Stored data:
-- Opening Marker --

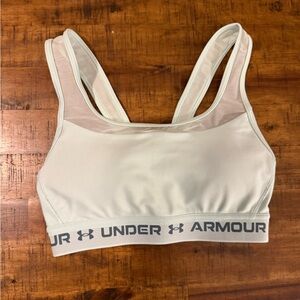 Under Armour Women's Soft Gray Sports Bra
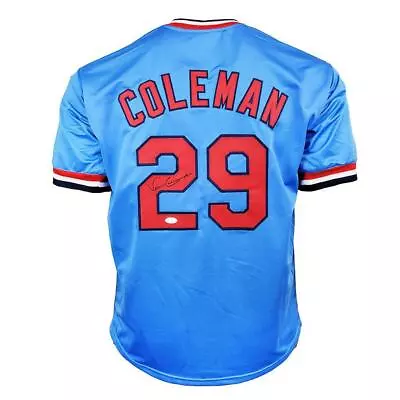 Vince Coleman Signed St Louis Light Blue Baseball Jersey (JSA) • $66.95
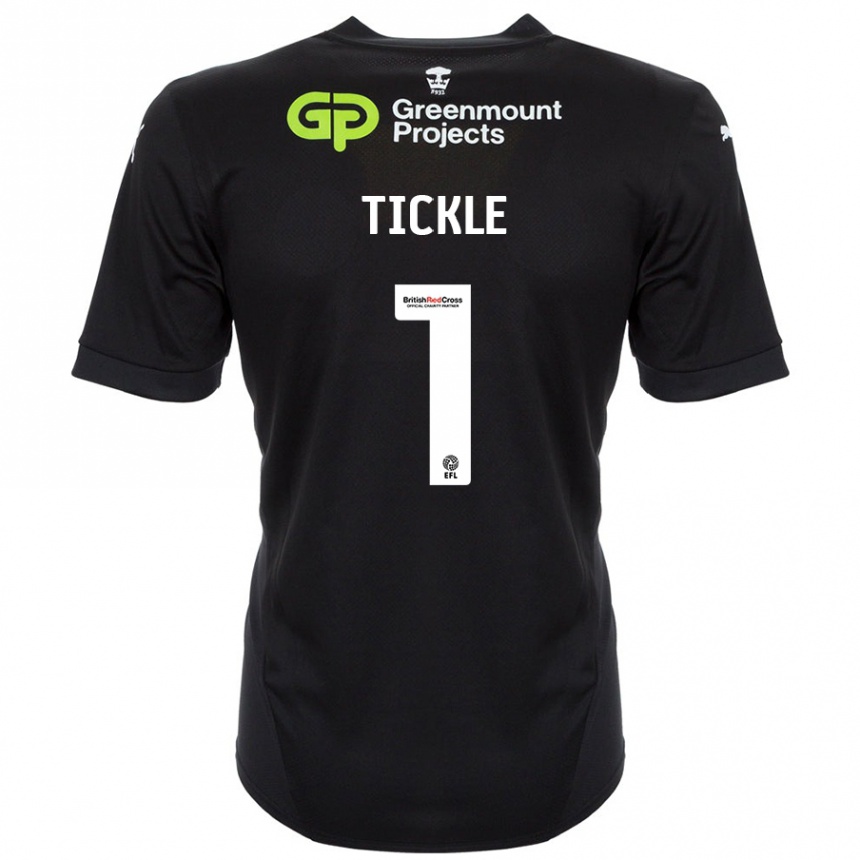 Niño Fútbol Camiseta Sam Tickle #1 Negro 2ª Equipación 2024/25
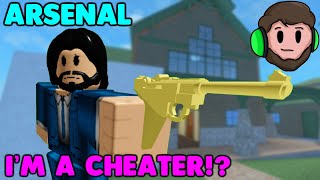 They Said I Was CHEATING Roblox Arsenal [upl. by Halet]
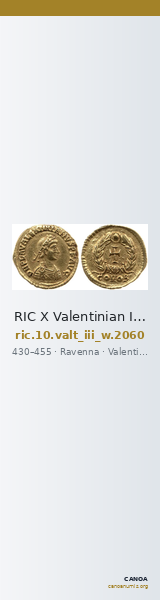 RIC X Valentinian III 2060 — CANOA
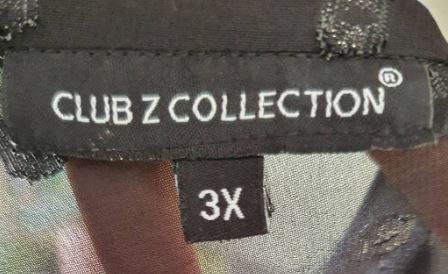FF05152 เสื้อผ้ามือสอง สีดำ แบรนด์ CLUB Z COLLECTION อก free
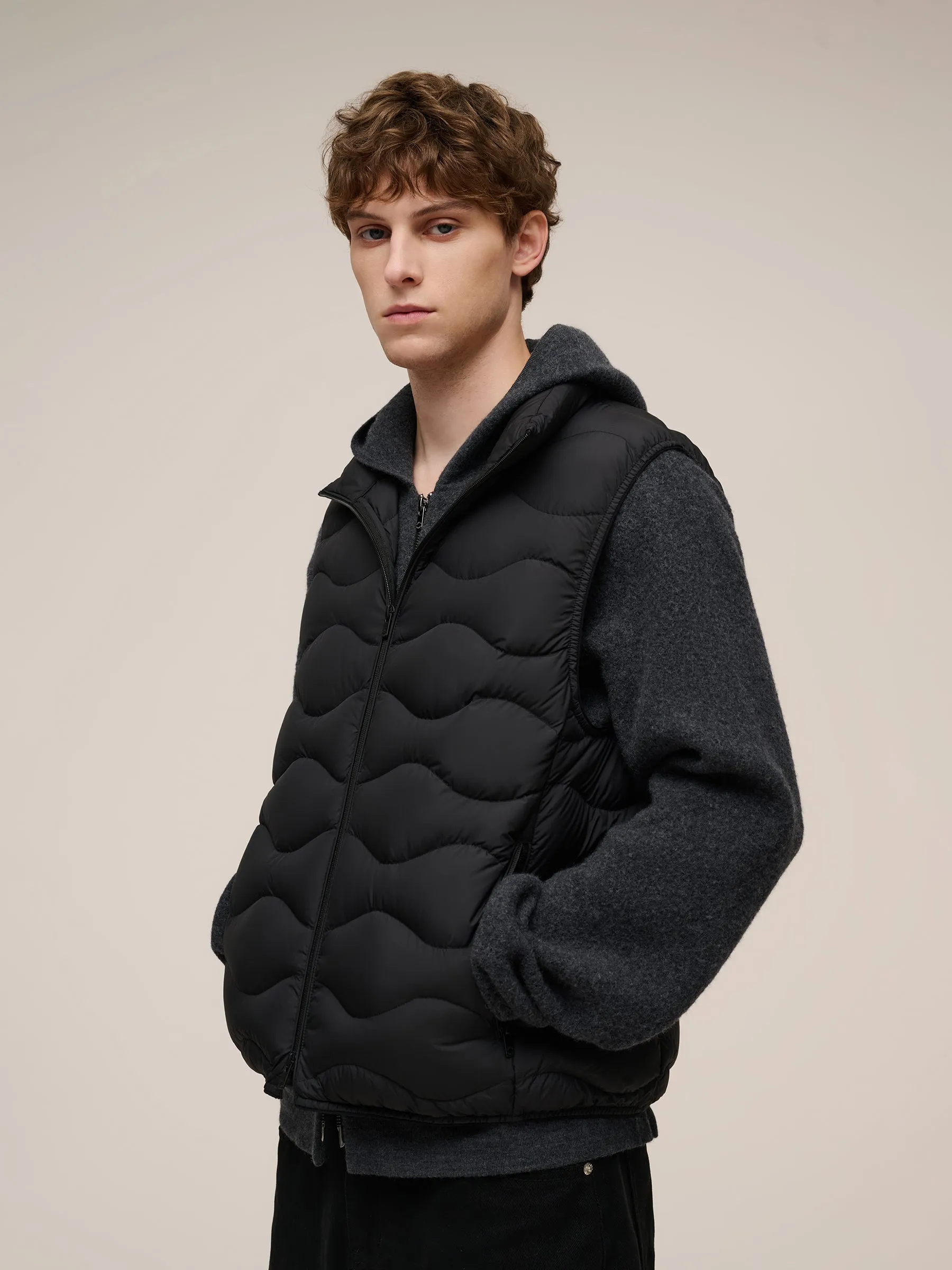 Lightweight Packable Men Goose Down Vest sold by Goelia product image thumbnail 4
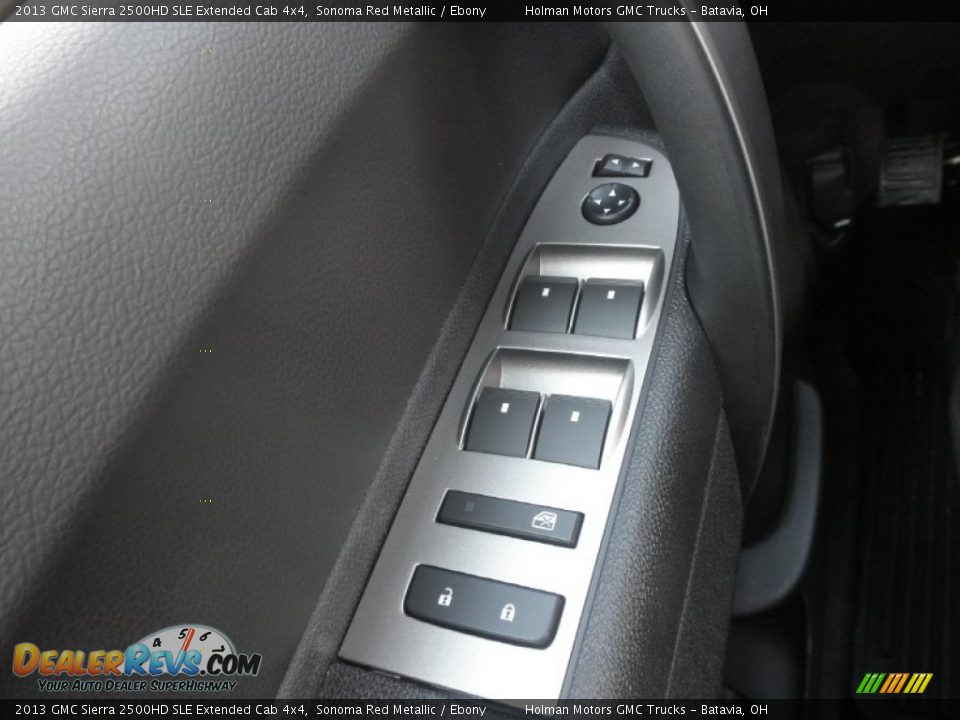 2013 GMC Sierra 2500HD SLE Extended Cab 4x4 Sonoma Red Metallic / Ebony Photo #16
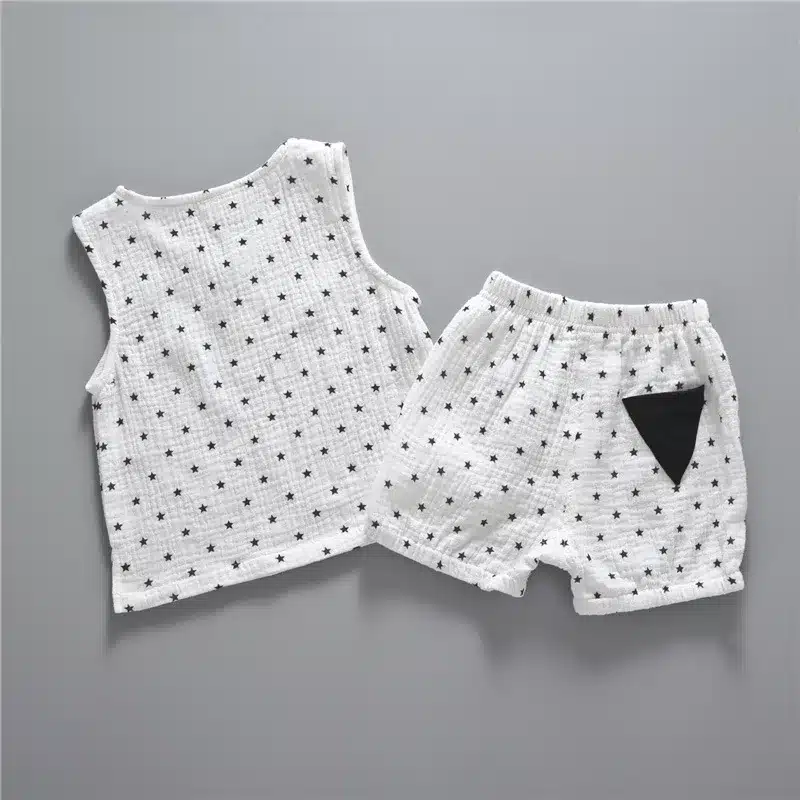 Baby Boys Clothes 2018 Summer Style Beach Star Tree Print Casual Sport Suit 2Pcs Sets T Shirt + Shorts Baby Girls Clothes Set 23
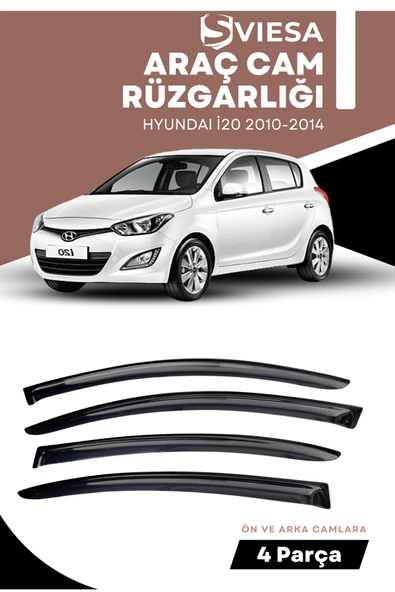 HYUNDAI İ20 2010-2014  uyumlu oto camlara özel ölçü cam rüzgarlığı rüzgarlık ürün görseli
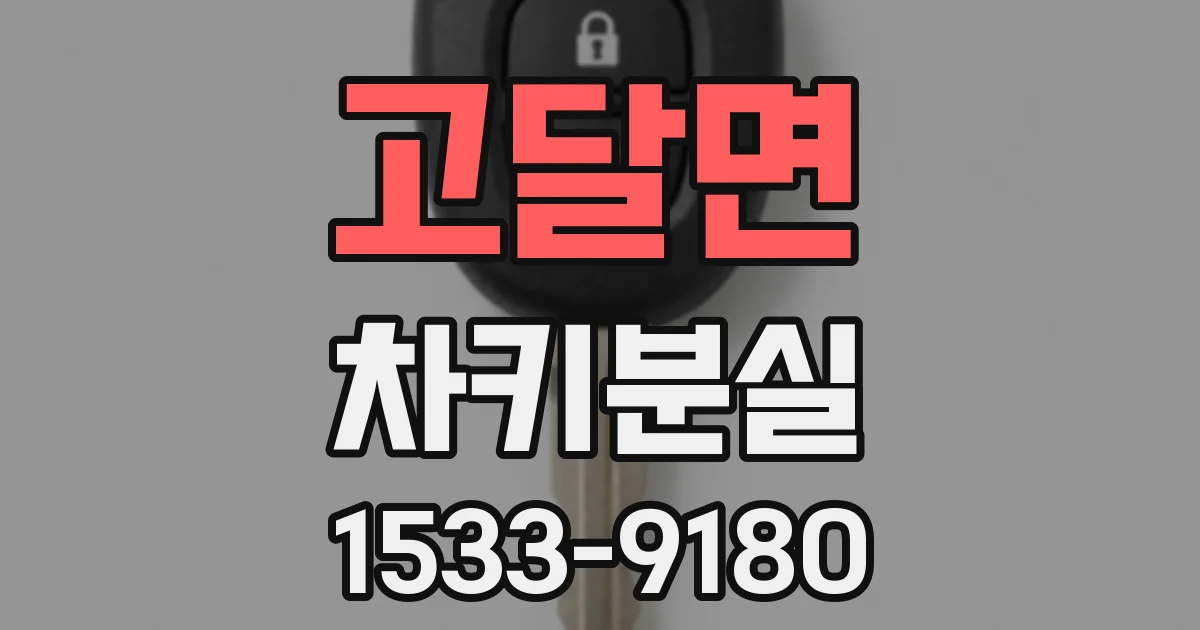고달면 차키분실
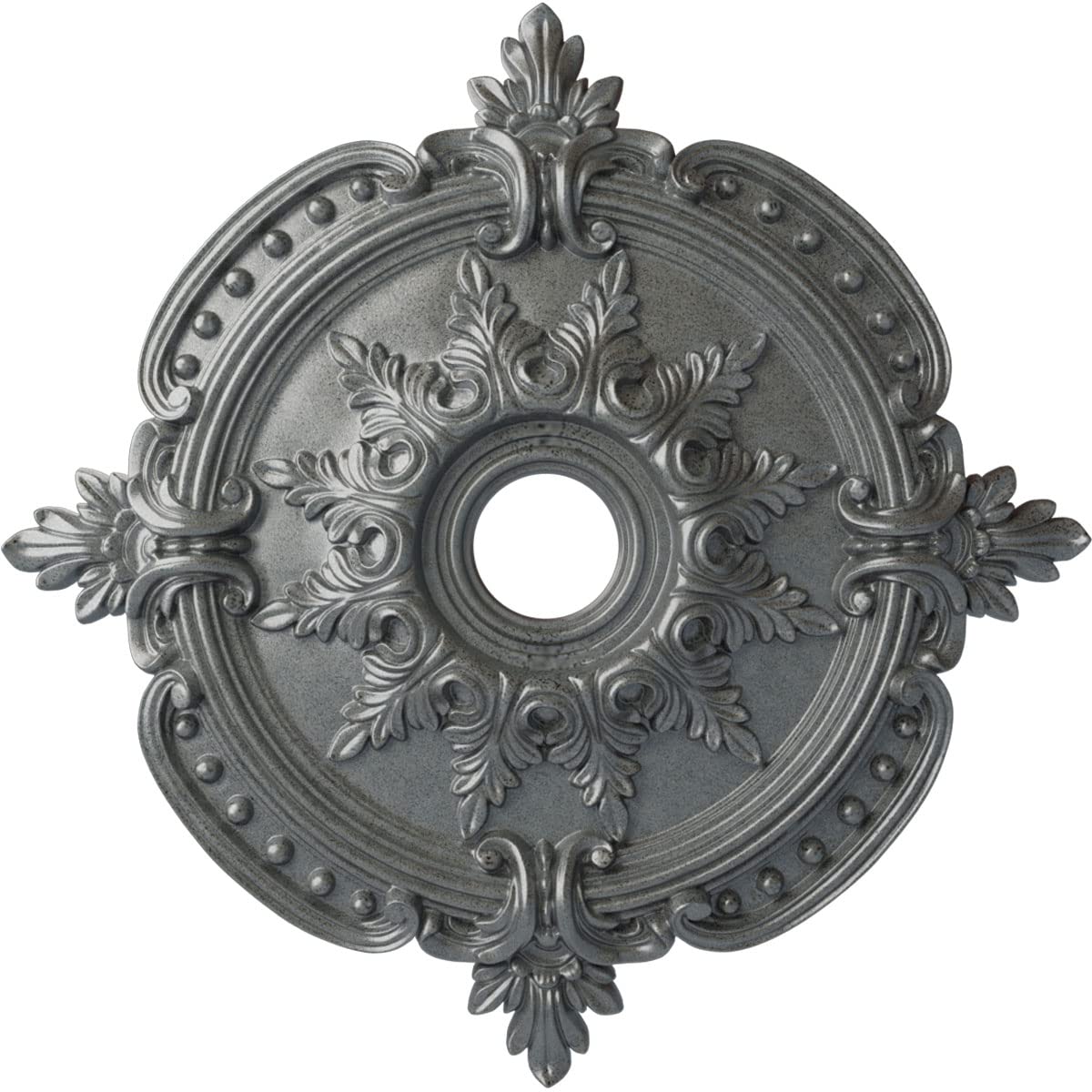 Ekena Millwork CM28BEPLS Benson Classic Ceiling Medallion, Platinum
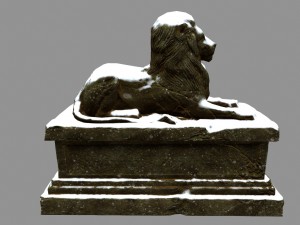 lion statue Model 3D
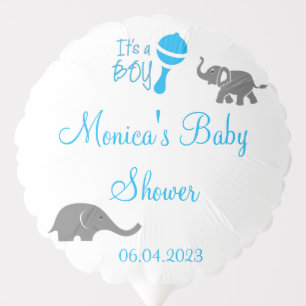 It's a boy Gender reveal Baby Shower Blue Elephant Balloon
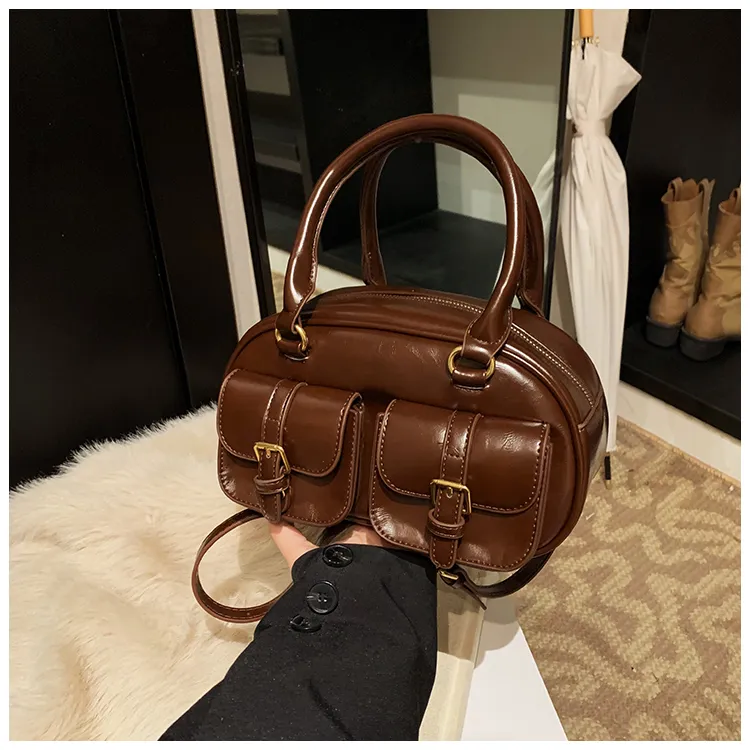 Yalu PU Handbag, Shoulder Bag, Crossbody Bag Regular Women's Black/Coffee/Brown-5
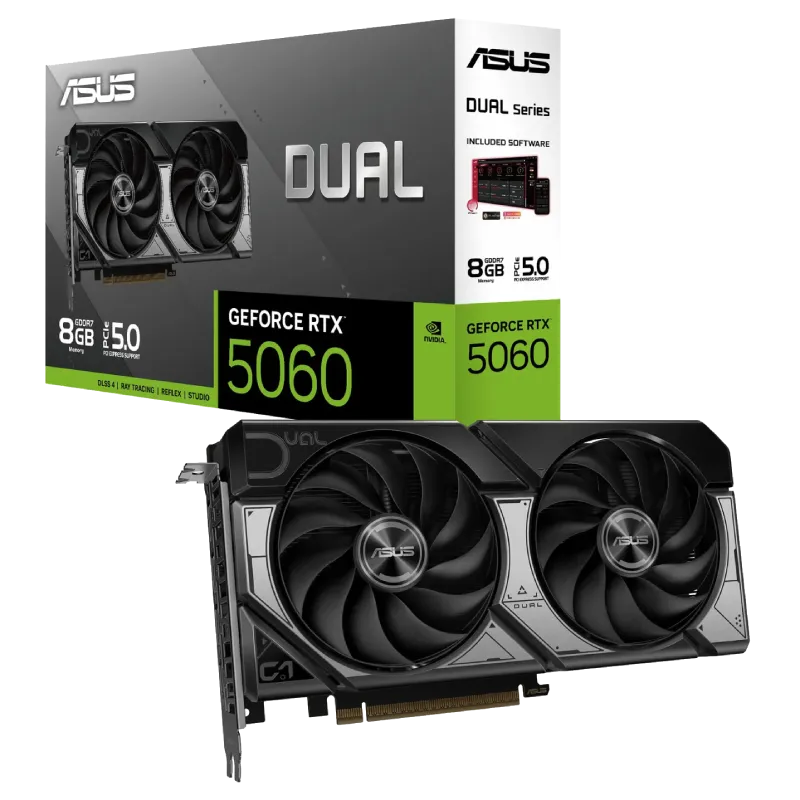 کارت گرافیک ایسوس مدل ASUS Dual RTX 5060 OC 8GB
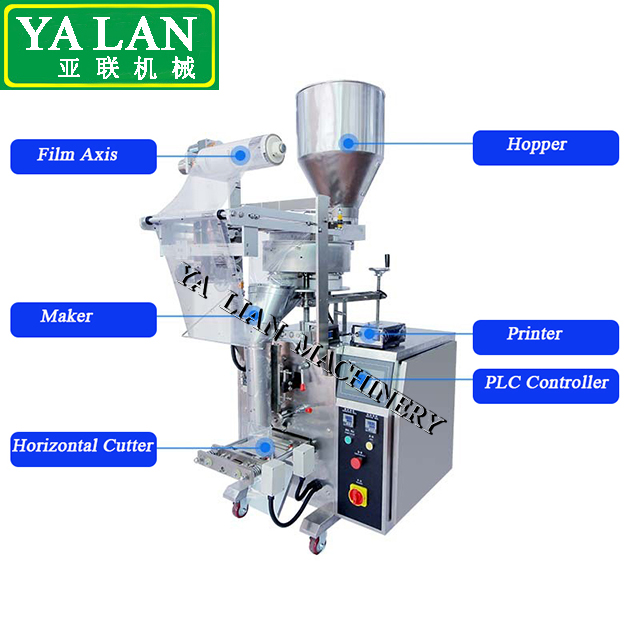 Granule bag packing machine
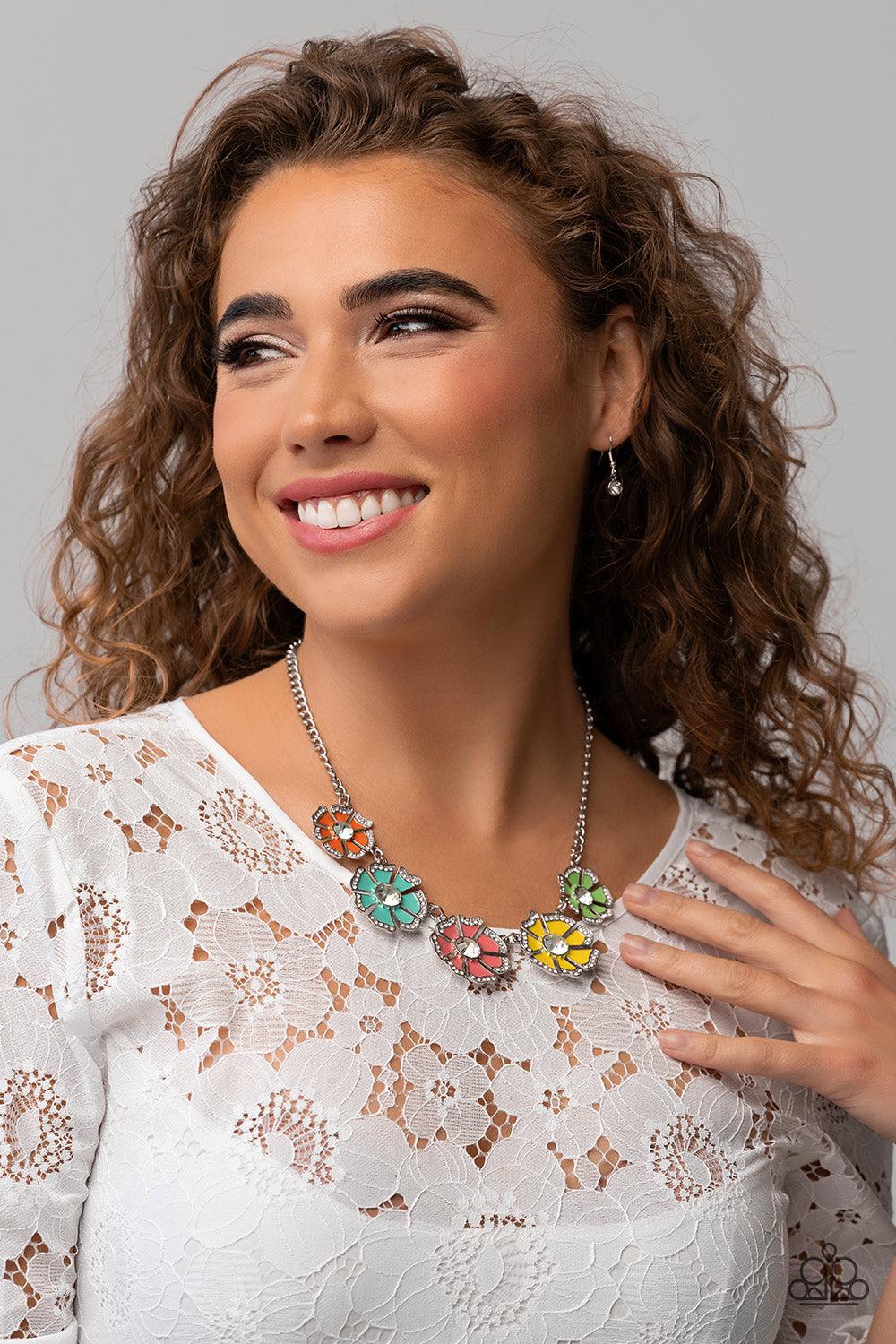 Playful Posies Multi Necklace - Paparazzi Accessories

-- Closing Marker --

How to complete this task: Beginning at the line that contains "HYUNDAI İ20 2010-2014" and ending at the last line of the data, return each line exactly; no picture belongs in the copy.

Final answer:
 HYUNDAI İ20 2010-2014  uyumlu oto camlara özel ölçü cam rüzgarlığı rüzgarlık ürün görseli
고달면 차키분실
 Ekena Millwork CM28BEPLS Benson Classic Ceiling Medallion, Platinum
 lion statue Model 3D
 It's a boy Gender reveal Baby Shower Blue Elephant Balloon
 Yalu PU Handbag, Shoulder Bag, Crossbody Bag Regular Women's Black/Coffee/Brown-5
 کارت گرافیک ایسوس مدل ASUS Dual RTX 5060 OC 8GB
 Granule bag packing machine
 Playful Posies Multi Necklace - Paparazzi Accessories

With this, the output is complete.